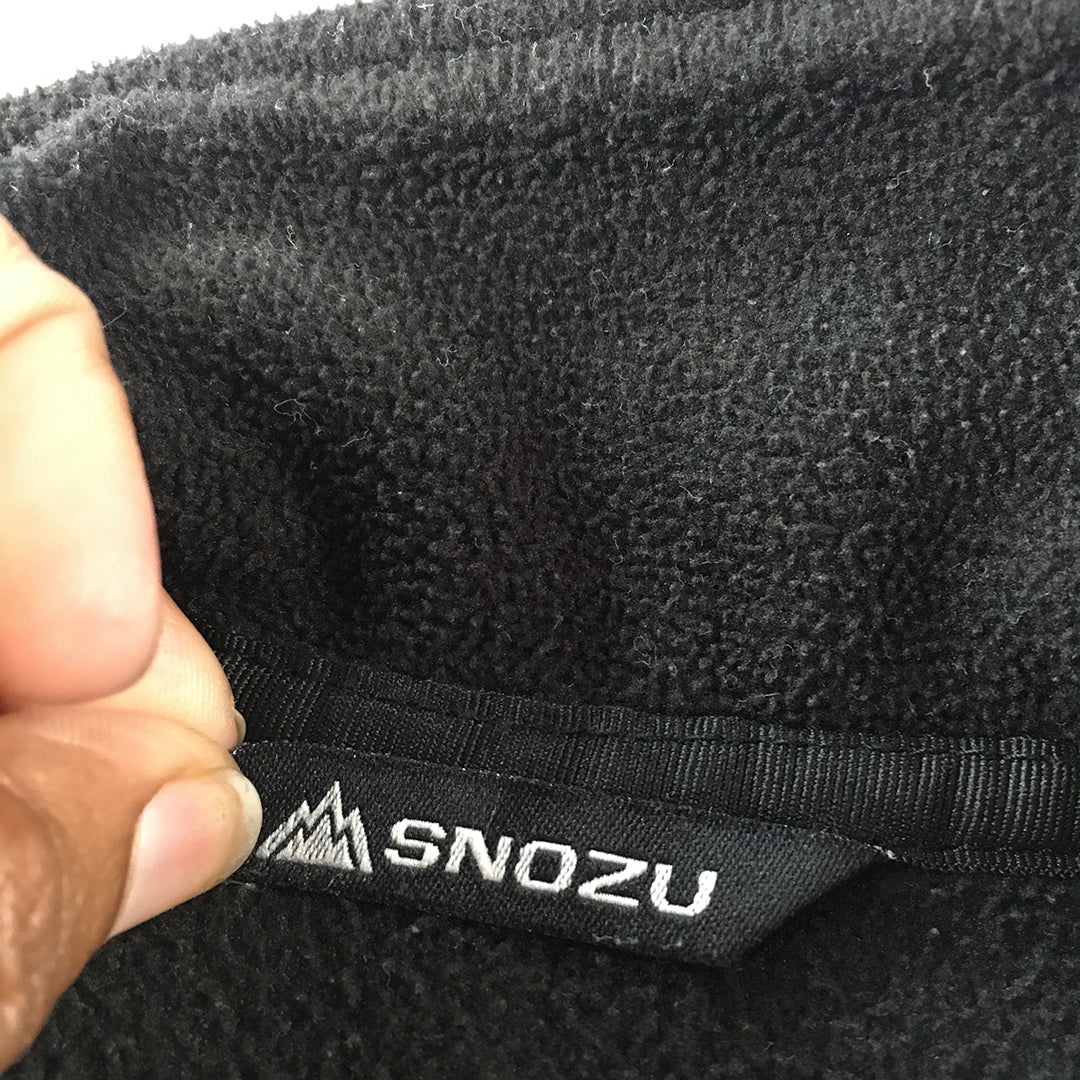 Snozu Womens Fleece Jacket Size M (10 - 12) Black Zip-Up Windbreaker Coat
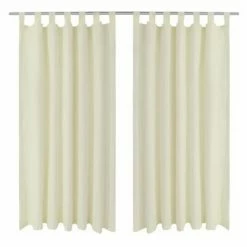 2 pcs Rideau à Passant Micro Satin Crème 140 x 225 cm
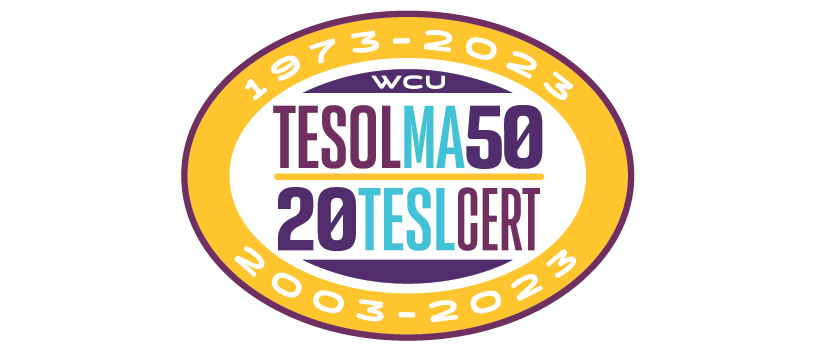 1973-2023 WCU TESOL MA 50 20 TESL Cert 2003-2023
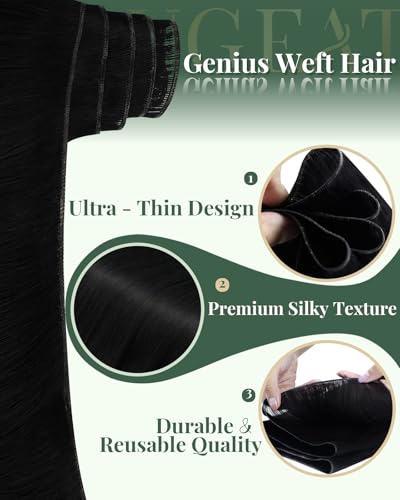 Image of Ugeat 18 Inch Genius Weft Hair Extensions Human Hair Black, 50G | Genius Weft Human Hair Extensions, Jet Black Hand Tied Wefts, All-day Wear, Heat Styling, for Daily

━━━━

### Your objective
None of the pictures should be kept; reproduce all the remaining material exactly.

### Solution
 Snozu Womens Fleece Jacket Size M (10 - 12) Black Zip-Up Windbreaker Coat
 2 pcs Rideau à Passant Micro Satin Crème 140 x 225 cm
 1973-2023 WCU TESOL MA 50 20 TESL Cert 2003-2023
 Image of Ugeat 18 Inch Genius Weft Hair Extensions Human Hair Black, 50G | Genius Weft Human Hair Extensions, Jet Black Hand Tied Wefts, All-day Wear, Heat Styling, for Daily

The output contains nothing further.